Beth Stay and Jackie Goplin started the Curds for Kids program in April, collaborating with Feed My People Food Bank in the Eau Claire area, in response to school cancellations. The cancellations meant some kids went hungry because their most reliable meal came from school. Stay also said they knew farmers had to dump milk, and they wanted to help connect the dots between the two groups.
Curds for Kids has donated over 10,000 pounds of cheese curds to thousands of students in Trempeleau County so far, Stay said, adding that chapters of the organization have also been created in Jackson and Clark counties.
"We heard that dairy farmers were dumping milk, yet we also knew that school children were in need of food," Stay said. "We hope to continue through the summer as long as the schools are providing meals to their students."
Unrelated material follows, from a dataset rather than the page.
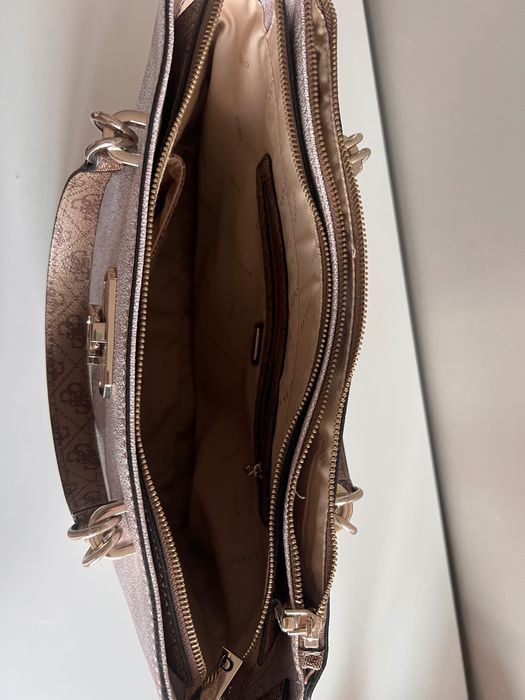 Дамска чанта Guess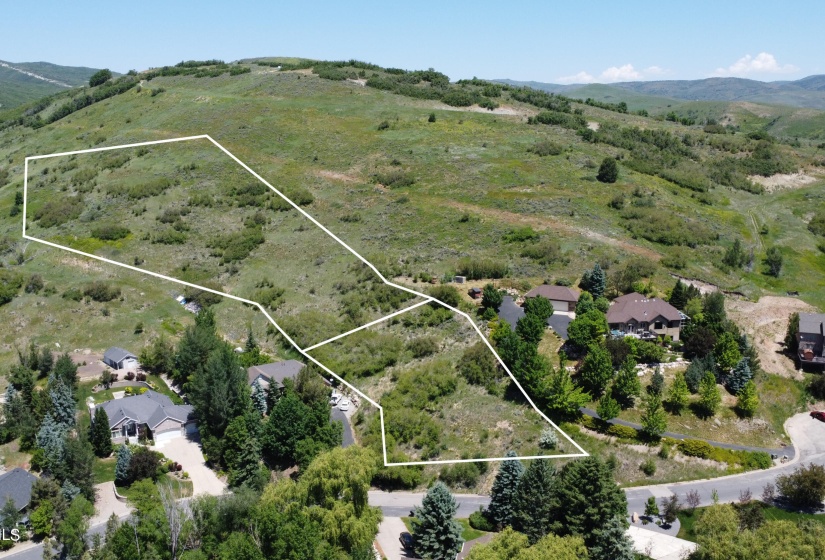 5570 Mountain View Dr Lot Line Overlay2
R. Braun Inc., a St. Nazianz ag equipment and hardware service, helped to donate locally-sourced butter and cheese and give it away through local restaurant Meat's Opera Haus. Every customer who made a purchase of $15 or more got to pick a free pound of butter or cheese curds. Alecia Braun, who co-owns the business, said they gave away more than 300 pounds of dairy.
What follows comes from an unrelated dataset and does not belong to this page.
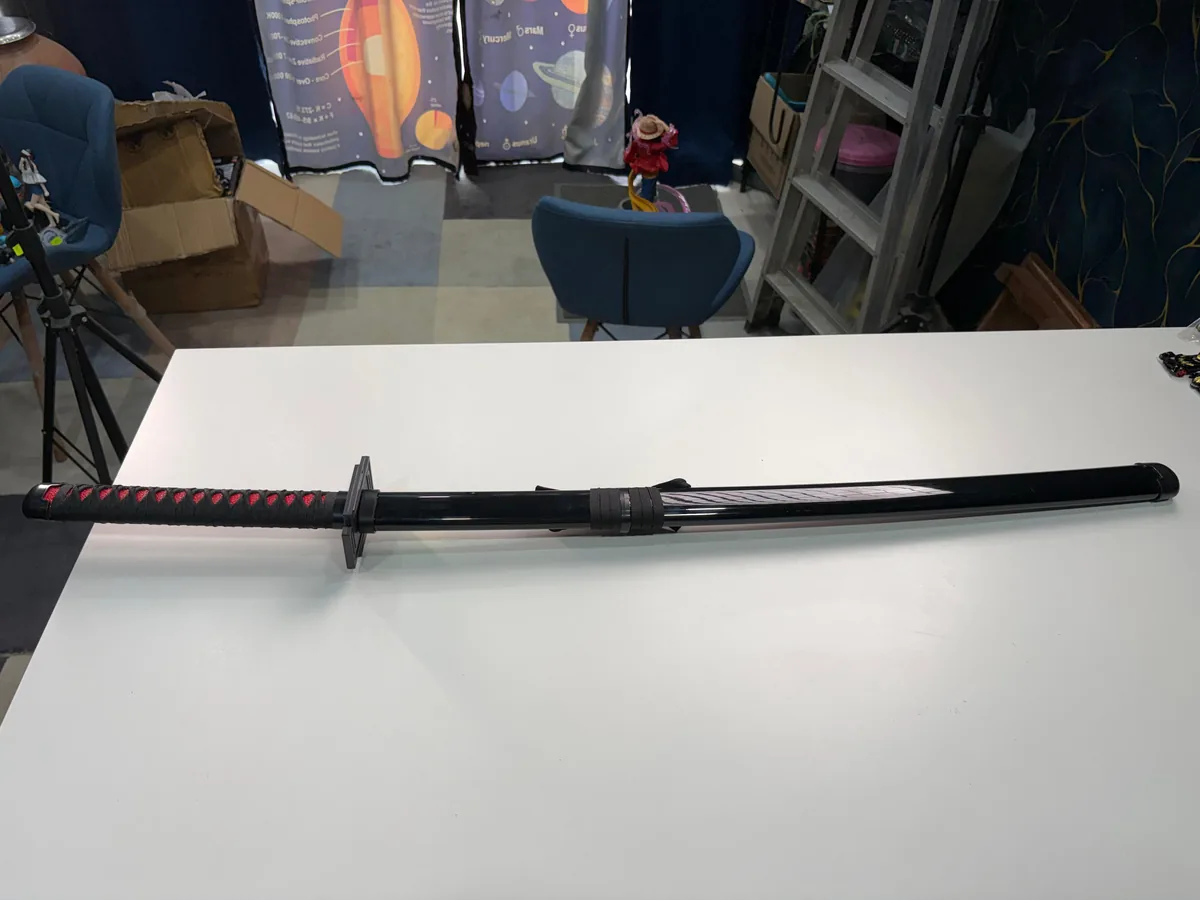 LED Bleach 104cm Wooden Katana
"When the prospect of farmers having to dump milk became a reality for some of our customers, we knew we needed to do something," Braun said. "That was hard to hear and hard to see."
Burnett Dairy Cooperative of Grantsburg has donated 65,000 pounds of cheese as of mid-June and doesn't plan on stopping anytime soon. Most of that is pizza cheese, like mozzarella and provolone, and it's been donated to local food pantries, Catholic charities, United Way and pizza restaurants.
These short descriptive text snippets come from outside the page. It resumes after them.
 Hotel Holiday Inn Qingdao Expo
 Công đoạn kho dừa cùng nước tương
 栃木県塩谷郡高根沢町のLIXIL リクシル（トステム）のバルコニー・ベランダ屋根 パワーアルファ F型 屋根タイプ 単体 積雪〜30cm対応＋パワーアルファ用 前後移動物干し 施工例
Ledgerock Distillery, based in Fond du Lac, began making hand sanitizer just hours after they received an email from the federal government giving details on how to produce it, co-owner Heidi Retzer said.
Retzer said they donated hand sanitizer to Fond du Lac's emergency rooms and fire departments because her husband and son, Jay and Bryce Retzer, are first responders. They also donated to food pantries, nursing homes, the Salvation Army and the Waupun and Campbellsport FFA chapters, among other places.
Retzer said the distillery stayed open 24/7, and her husband and son, who run the business with her, even slept on the floor there at times. She said it's been difficult to get all the components ready to package the sanitizer, and it's still hard today to get some plastic parts.
"Even though it was definitely very taxing on them, it just felt very good to give back to the community and try to make sure that people in our community were going to stay safe," Retzer said.
Stephanie Miller, who works in marketing for Burnett Dairy, said Chell Trucking helped facilitate deliveries to places that didn't have refrigerated trucks available to carry the cheese, and also volunteered to load and unload it all. Miller said that was "an extremely important piece" of the project.
Part of the 65,000 pounds of donations has gone to area schools. Miller said 16,000 pounds were donated to school lunch and backpack programs. Two pounds of shredded mozzarella was included with every meal, with a recipe card attached for cheesy bread so the kids would have something fun to make.
"Our farmers felt good because they could still take their milk someplace, and then we could help the community as well," Miller said. "Everybody was watching out for each other."